No. Suckless.org utils conflict with coreutils/linux-utils, they are not in ::gentoo. Maybe some overlay.

The code is here: http://git.suckless.org/ubase/file/su.c.html

I am not raccomanding it, just pointing out as a possible alternative.

----------

## mv

 *Anon-E-moose wrote:*   

> All that happened is that the "su" use flag was not set "+" in the shadow ebuild, but it's still there and the latest from shadow git still shows su as there.

 

That's the technical side. The social side is that su from shadow is no longer maintained, that's why the default provider was changed.

As I said, you can (currently) easily undo the technical change, but it won't be a solution for the underlying problem but just a temporary workaround which might turn into a security issue eventually: The mere fact that su compiles and works says nothing about how secure it is (in a few months, say).

----------

## Ionen

Because of pam, shadow upstream did show some concerns after deprecating their implementation -- so whether it's really going anywhere is uncertain. There's no inherent problem with it at the moment anyhow.

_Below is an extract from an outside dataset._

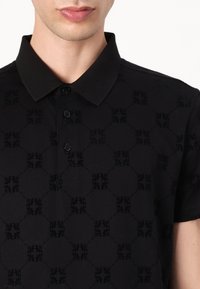 Svart polo skjorte med et teksturert mønster av sammenkoblede sirkler og blomsterformer, med krage og knappelukking.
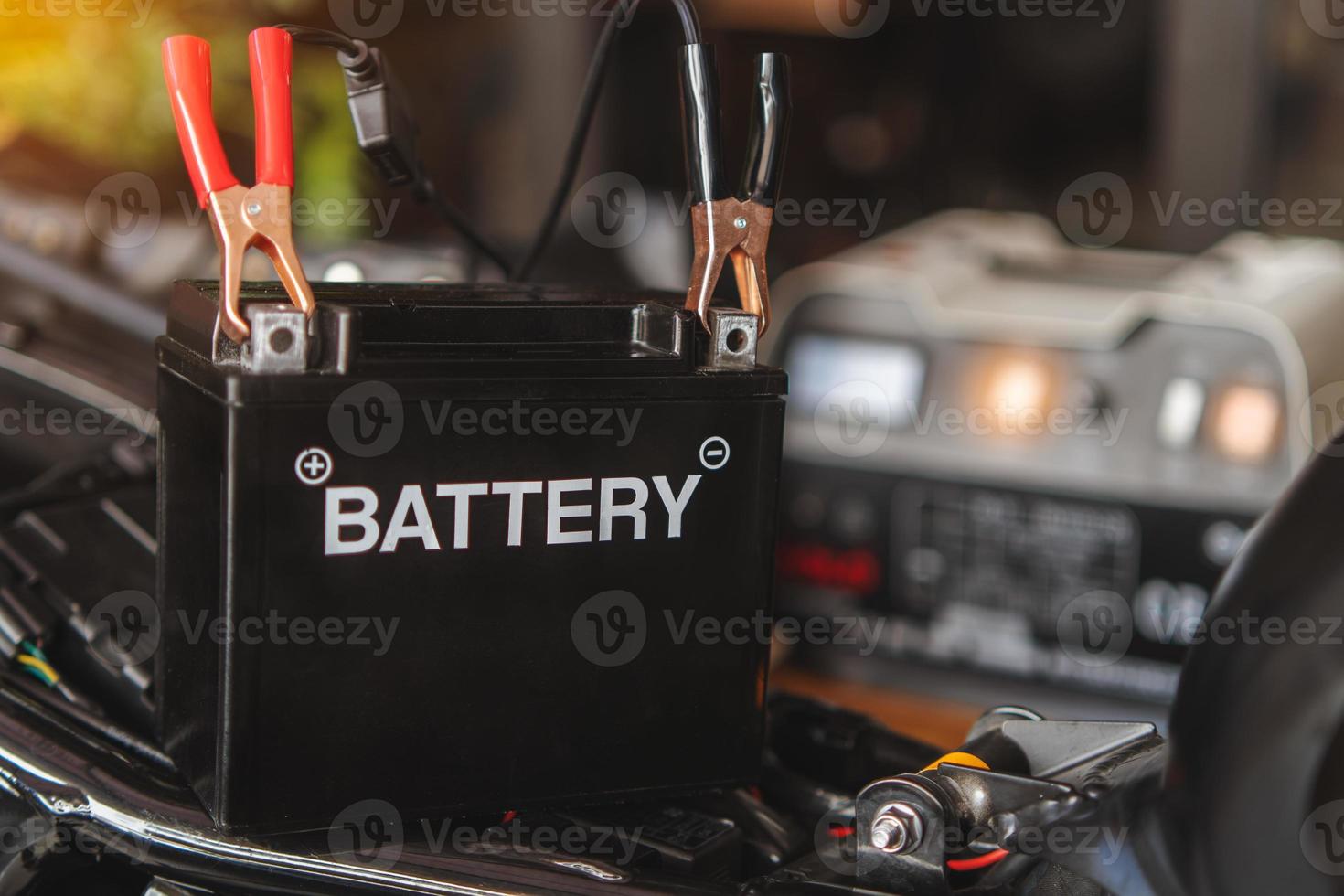 Charging motorcycle battery at garage, selective focus on Alligator clip ,concept of motorcycle maintenance and repair. photo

On a pam-enabled system it makes little sense to not use util-linux's by default though (and Gentoo enables pam by default, so new defaults make sense, and will make things easier if shadow's version has issues or get removed at some point). Does do a few things slightly differently though, so may need adjustments depending on how you use it.

----------

## Anon-E-moose

 *mv wrote:*   

>  *Anon-E-moose wrote:*   All that happened is that the "su" use flag was not set "+" in the shadow ebuild, but it's still there and the latest from shadow git still shows su as there. 
> 
> That's the technical side. The social side is that su from shadow is no longer maintained, that's why the default provider was changed.

 

Latest -> Commits on Jan 15, 2022

I think that sometimes gentoo ebuild maintainers jump the gun on things like this. Not the first time.

Personally I don't worry about it, it's not that hard to pull the su components out of shadow. 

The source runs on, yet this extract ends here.